Dataset records:
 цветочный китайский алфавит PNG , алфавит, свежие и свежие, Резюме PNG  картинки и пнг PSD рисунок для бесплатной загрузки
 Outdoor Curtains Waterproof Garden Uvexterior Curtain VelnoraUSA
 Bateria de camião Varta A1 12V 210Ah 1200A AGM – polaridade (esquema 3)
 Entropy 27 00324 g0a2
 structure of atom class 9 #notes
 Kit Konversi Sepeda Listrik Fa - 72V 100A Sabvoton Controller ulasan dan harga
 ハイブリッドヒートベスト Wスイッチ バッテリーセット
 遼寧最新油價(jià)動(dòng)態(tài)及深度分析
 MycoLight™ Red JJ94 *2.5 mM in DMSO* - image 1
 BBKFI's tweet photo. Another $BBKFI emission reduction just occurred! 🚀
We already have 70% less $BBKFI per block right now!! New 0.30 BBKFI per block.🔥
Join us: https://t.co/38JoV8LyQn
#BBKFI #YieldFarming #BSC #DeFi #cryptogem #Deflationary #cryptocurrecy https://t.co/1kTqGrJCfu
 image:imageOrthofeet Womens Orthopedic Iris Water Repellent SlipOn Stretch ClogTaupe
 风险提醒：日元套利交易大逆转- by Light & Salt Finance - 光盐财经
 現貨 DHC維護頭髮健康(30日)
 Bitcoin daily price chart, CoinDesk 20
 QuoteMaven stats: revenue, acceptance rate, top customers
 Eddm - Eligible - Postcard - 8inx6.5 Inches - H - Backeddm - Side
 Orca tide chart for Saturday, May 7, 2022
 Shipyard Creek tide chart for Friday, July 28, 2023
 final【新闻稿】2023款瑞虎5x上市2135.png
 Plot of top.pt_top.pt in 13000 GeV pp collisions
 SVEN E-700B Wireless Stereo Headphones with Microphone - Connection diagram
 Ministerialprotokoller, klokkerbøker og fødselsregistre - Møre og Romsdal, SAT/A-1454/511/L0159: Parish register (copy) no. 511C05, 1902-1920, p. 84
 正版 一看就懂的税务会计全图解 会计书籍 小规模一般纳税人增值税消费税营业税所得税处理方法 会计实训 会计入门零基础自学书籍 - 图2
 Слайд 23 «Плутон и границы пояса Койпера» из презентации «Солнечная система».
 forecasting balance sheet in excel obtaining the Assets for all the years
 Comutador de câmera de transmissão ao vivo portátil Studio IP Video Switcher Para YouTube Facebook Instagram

Task directions. All of the lines above are to be restated word for word.

Answer to the problem.
 цветочный китайский алфавит PNG , алфавит, свежие и свежие, Резюме PNG  картинки и пнг PSD рисунок для бесплатной загрузки
 Outdoor Curtains Waterproof Garden Uvexterior Curtain VelnoraUSA
 Bateria de camião Varta A1 12V 210Ah 1200A AGM – polaridade (esquema 3)
 Entropy 27 00324 g0a2
 structure of atom class 9 #notes
 Kit Konversi Sepeda Listrik Fa - 72V 100A Sabvoton Controller ulasan dan harga
 ハイブリッドヒートベスト Wスイッチ バッテリーセット
 遼寧最新油價(jià)動(dòng)態(tài)及深度分析
 MycoLight™ Red JJ94 *2.5 mM in DMSO* - image 1
 BBKFI's tweet photo. Another $BBKFI emission reduction just occurred! 🚀
We already have 70% less $BBKFI per block right now!! New 0.30 BBKFI per block.🔥
Join us: https://t.co/38JoV8LyQn
#BBKFI #YieldFarming #BSC #DeFi #cryptogem #Deflationary #cryptocurrecy https://t.co/1kTqGrJCfu
 image:imageOrthofeet Womens Orthopedic Iris Water Repellent SlipOn Stretch ClogTaupe
 风险提醒：日元套利交易大逆转- by Light & Salt Finance - 光盐财经
 現貨 DHC維護頭髮健康(30日)
 Bitcoin daily price chart, CoinDesk 20
 QuoteMaven stats: revenue, acceptance rate, top customers
 Eddm - Eligible - Postcard - 8inx6.5 Inches - H - Backeddm - Side
 Orca tide chart for Saturday, May 7, 2022
 Shipyard Creek tide chart for Friday, July 28, 2023
 final【新闻稿】2023款瑞虎5x上市2135.png
 Plot of top.pt_top.pt in 13000 GeV pp collisions
 SVEN E-700B Wireless Stereo Headphones with Microphone - Connection diagram
 Ministerialprotokoller, klokkerbøker og fødselsregistre - Møre og Romsdal, SAT/A-1454/511/L0159: Parish register (copy) no. 511C05, 1902-1920, p. 84
 正版 一看就懂的税务会计全图解 会计书籍 小规模一般纳税人增值税消费税营业税所得税处理方法 会计实训 会计入门零基础自学书籍 - 图2
 Слайд 23 «Плутон и границы пояса Койпера» из презентации «Солнечная система».
 forecasting balance sheet in excel obtaining the Assets for all the years
 Comutador de câmera de transmissão ao vivo portátil Studio IP Video Switcher Para YouTube Facebook Instagram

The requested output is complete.